Le loup est épuisé tant il a soufflé.
-Pfff ! Pfff ! Vous...pfff, pfff, avez gagné !
Je...pfff, m'en vais ! dit-il à travers la porte.
Nif-Nif et Nouf-Nouf sautent de joie.
-Méfions-nous, dit Naf-Naf, cet animal est rusé :
il a sûrement plus d'un tour dans son sac !

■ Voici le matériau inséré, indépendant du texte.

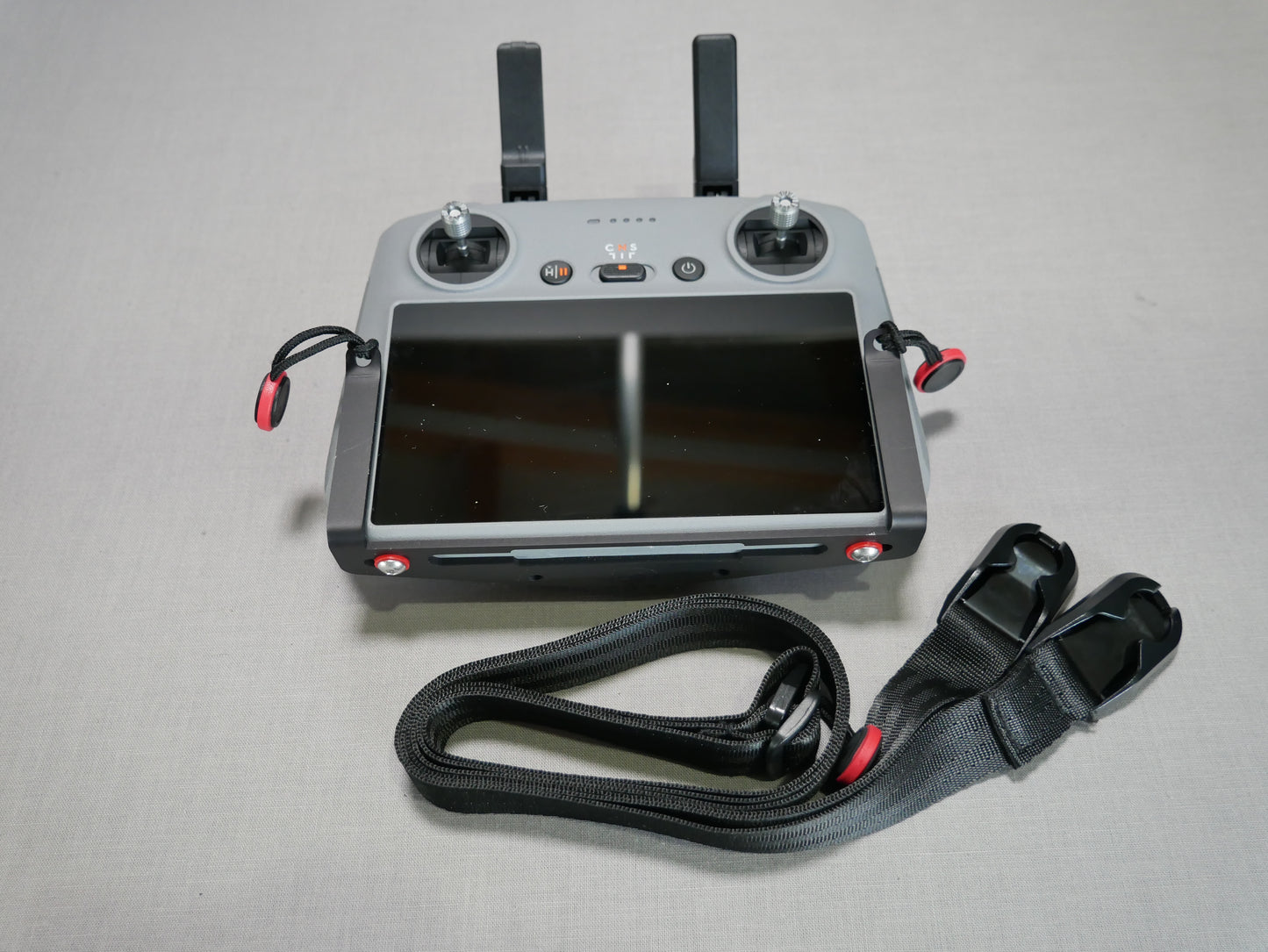 Halter mit daneben liegendem Halsgurt in schwarz am DJI RC/RC 2 Controller angebracht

Tenons-nous sur nos gardes !
-La seule entrée possible dans la maison, c'est la cheminée. Si
le loup essaie de passer par là, il aura une mauvaise surprise,
dit Naf-Naf.
Et les trois petits cochons allument un grand feu dans l'âtre
pour faire bouillir une énorme marmite d'eau.
Naf-Naf avait vu juste.
Après s'être reposé, le loup est revenu.
Sans faire de bruit, il monte sur le toit et descend dans la
cheminée.
Déjà, il se pourlèche les babines à la pensée des trois petits
cochons roses et dodus.
-Waouh ! Ouh ! Ouh !
Quel cri, mes amis ! Le méchant loup vient de tomber, le
derrière dans l'eau bouillante ! Naf-Naf ouvre vite la porte et
le loup s'enfuit sans demander son reste, en se tenant les
fesses !
Les trois petits cochons sortent pour une joyeuse farandole sous
la lune.
-Voilà une vilaine bête qui ne nous ennuiera plus, dit Naf-Naf
entre deux éclats de rire.
Et vous me promettez de construire des maisons vraiment solides
au printemps !
-Promis ! luis dirent ses deux frères.
Quand au loup, il termina la nuit le derrière dans un ruisseau !
Après cette cuisante déconvenue, on ne le vit plus jamais rôder
autour de la maisonnette des trois petits cochons.